Reading all these comments about people in their 80s, I had to wonder if my parents are some sort of anomaly. My father is 87 and my mom 81 - both are very healthy and walk several miles every day in their neighborhood. We recently went to my niece’s wedding in Maine from Maryland. My parents have spent their entire marriage doing car trips to visit their families in OH and MA since we were the only ones in another state, so they are used to long car rides. They wanted to drive, I wanted to fly. But then thinking about Covid/wearing masks in airport and plane with them and the other logistics, I relented and agreed to drive. It was 11 hours with stops for gas/food/bathroom. We stopped 2-3x each way. It was definitely manageable for my parents, but of course I realize that does not apply to many (most?) elderly. I know my parents and their capabilities, so I was not at all concerned about them being able to handle a long road trip. That said, I personally would not want to drive (as in be the driver) for 14 hours straight. If I attempted that kind of distance as the only driver, I would definitely stop halfway overnight.

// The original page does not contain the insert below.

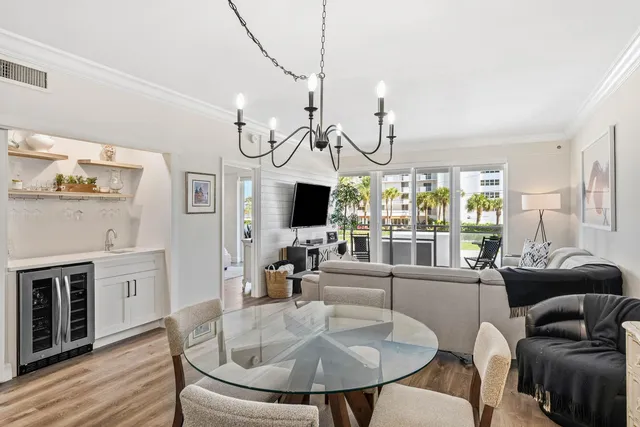 a living room with furniture a flat screen tv and a large window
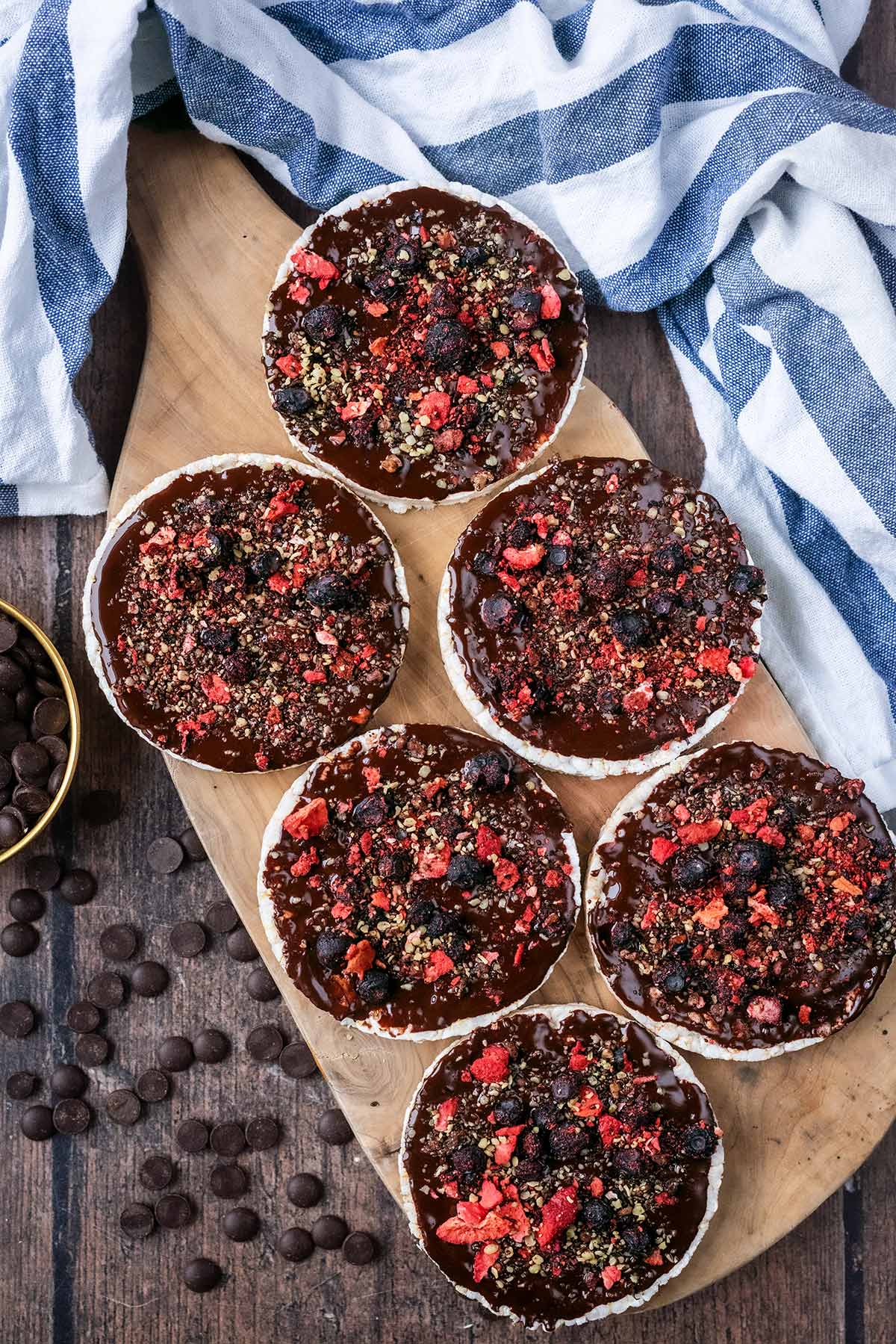 Six chocolate covered rice cakes on a wooden serving board next to a striped towel.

I have no opinion on what is right WRT Deb and her in-laws since I don’t know their capabilities like I do with my own.
My thoughts/advice on Deb’s situation have mostly been covered by other responses here. I do empathize with @deb922 and her situation. Having been raised by a mother who always sees the cup half-empty, I tend to overthink things and always see the possible negatives. When originally discussing whether we would attend niece’s wedding, I kept thinking about all the downsides (very expensive flight and hotel rooms, possibility of getting Covid, etc). I ended having a lovely time.
I’ve actually decided to make a concerted effort to stop being like my pessimistic mom, constantly thinking about all that could go wrong in situations. I say this b/c I see myself in deb’s situation, and would totally be having the same exact thoughts and feelings. All the advice offered here certainly gave me something to consider when facing difficult situations outside of my control. I hope all the parties to this trip are able to come to some sort of mutual agreement as to how this can be a somewhat comfortable holiday for all.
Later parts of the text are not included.